What you should do: Beginning at the line that contains "Product Image 6" and finishing at the line that contains "Person walking near", output the data below exactly. Include both end lines and no pictures.
----- Records for the task
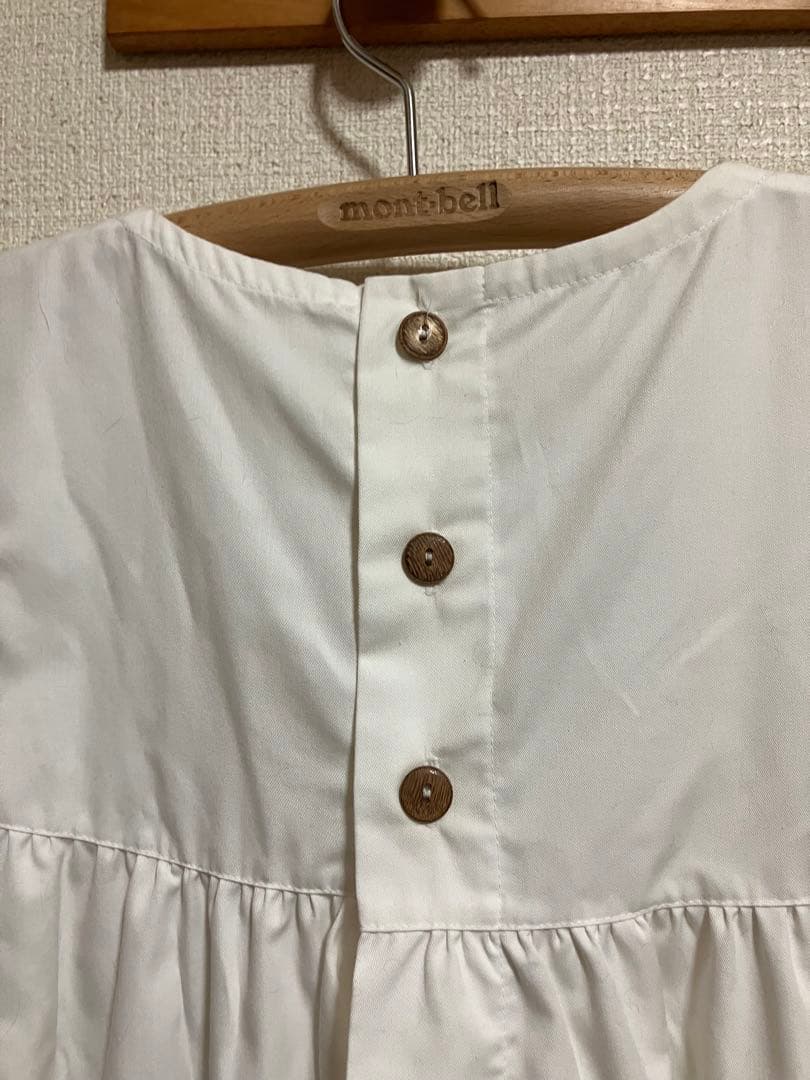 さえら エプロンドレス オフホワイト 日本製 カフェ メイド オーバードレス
----------
----- Records for the task
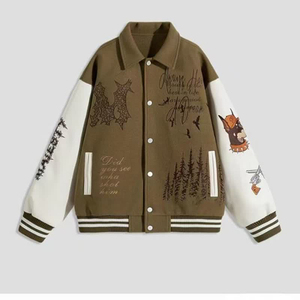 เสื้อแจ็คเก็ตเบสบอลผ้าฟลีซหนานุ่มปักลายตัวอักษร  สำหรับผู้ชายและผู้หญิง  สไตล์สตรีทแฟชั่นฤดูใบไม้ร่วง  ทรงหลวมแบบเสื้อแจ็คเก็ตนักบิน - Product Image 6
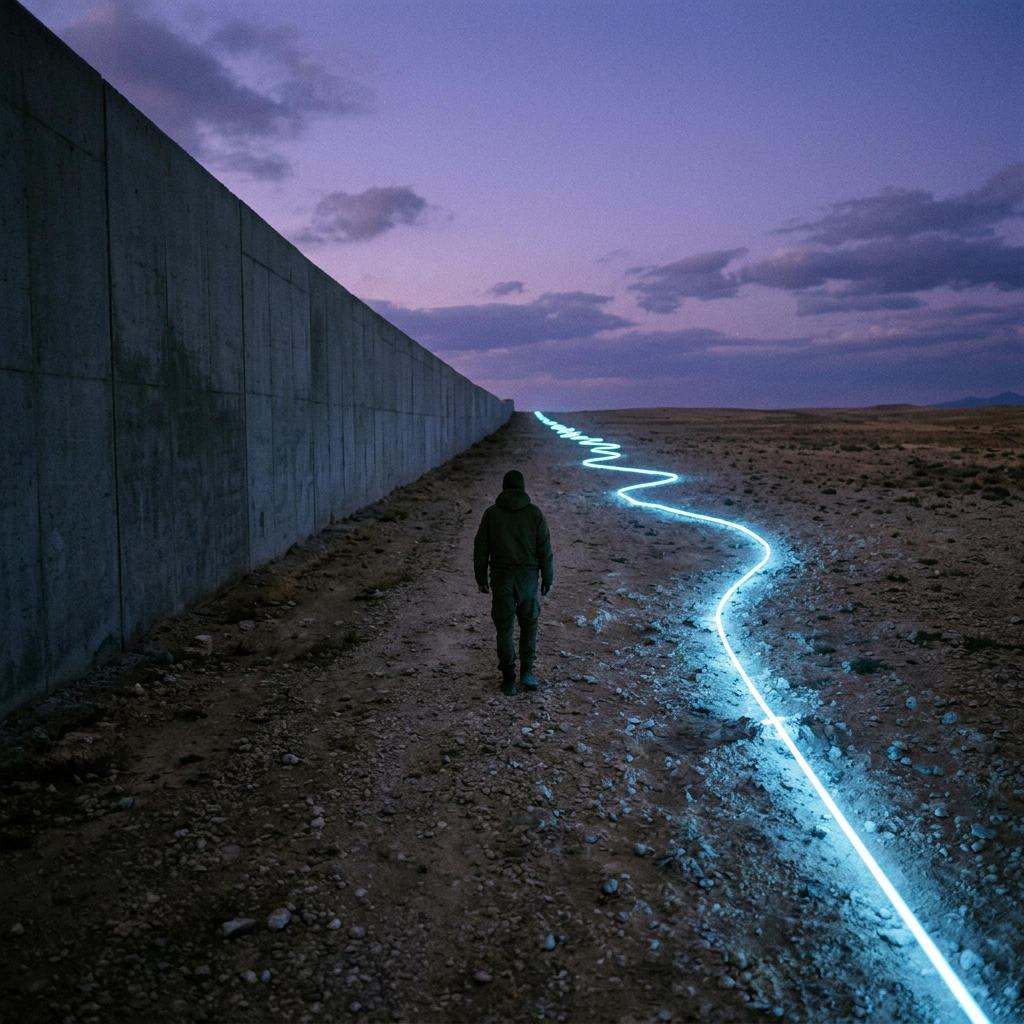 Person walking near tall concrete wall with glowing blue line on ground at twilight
----------
Response below:
 เสื้อแจ็คเก็ตเบสบอลผ้าฟลีซหนานุ่มปักลายตัวอักษร  สำหรับผู้ชายและผู้หญิง  สไตล์สตรีทแฟชั่นฤดูใบไม้ร่วง  ทรงหลวมแบบเสื้อแจ็คเก็ตนักบิน - Product Image 6
 Person walking near tall concrete wall with glowing blue line on ground at twilight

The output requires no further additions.